80-90% of all colored gems are mined by artisanal & small-scale miners.
Do you know who that miner is? Does she mine legally? Does she use safety equipment? Was she paid fairly? Does she know the value of her gemstones?
Moyo Gemstones wants the answer to all of those questions to be yes. Which is why, born out of a highly successful collaboration between Pact and the Gemological Institute of America, and made into something even greater by additional partners along the way, Moyo Gems has been formed.
We are a responsible gemstone supply chain that is helping women miners in the gemstone-rich Umba Valley to mine legally, to work more safely, to improve their gem and market skills, to raise their incomes, and to be recognized for the arduous work that makes consumers’ jewelry possible.
“We’ve often found that miners – the ones doing the hardest work in the gem trade – know the least about gemstones. This puts them at an obvious disadvantage when it comes to selling, when the gem’s species, features, cut potential and hues all come into play and when basic gem knowledge is power. We wanted to level the playing field.”

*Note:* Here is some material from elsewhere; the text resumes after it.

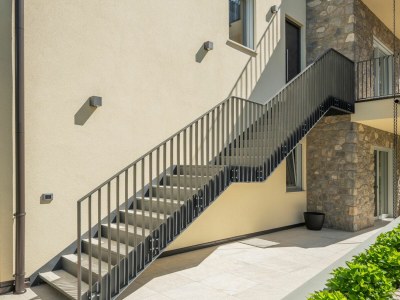 Apartment LAGETA - ACQUA - Outdoor photo 12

- Cristina Villegas, Gemstone Expert and Director of Mines to Markets at Pact
Read the full story of how Moyo Gems works, and how we got to where we are today.
Moyo In the News!
At 46, Ziada has been mining for two decades. “It’s the only work I’ve known,” she says.
She has three children. After her husband died, she became her family’s only breadwinner, making her work even more important. She mines every day except Fridays. Is it enough to meet needs? “I try my best,” Ziada answers.
As her income slowly rises, she plans to invest in her business. Right now, she mines using only basic tools – a stake, hammer and shovel. “With better equipment, my mining will improve,” she says.
Theresia began mining about 20 years ago when she saw it was helping others in her village get ahead. She lost her husband soon after. A mother of four – two sons and two daughters – she says she doesn’t know what she’d have done if not for her mining income. She also raises animals and makes and sells jewelry.
Today, Theresia, who is 50, mines with a handful of others on a claim they secured as a group. Selling their gemstones for fair prices has been their biggest challenge, but Moyo Gems is changing that, Theresia says. “I will be mining more now,” she says.
Support Moyo Miners
The most powerful thing anyone can do to support women miners is to buy their gemstones and adore the jewelry that comes from this beautiful source. Consumers can ask their favorite jewelers and designers to carry Moyo Gems. This can send a powerful signal to jewelry makers large and small for a new standard of beauty, ethics and full empowerment in the industry.
You can also help us do even more locally in Tanzania by contributing to Moyo Gems via Network for Good. Donations will go to economic strengthening programs, additional technical assistance in mining and other services.
A donation of just $10 gets a woman a seat on the bus to the next market day.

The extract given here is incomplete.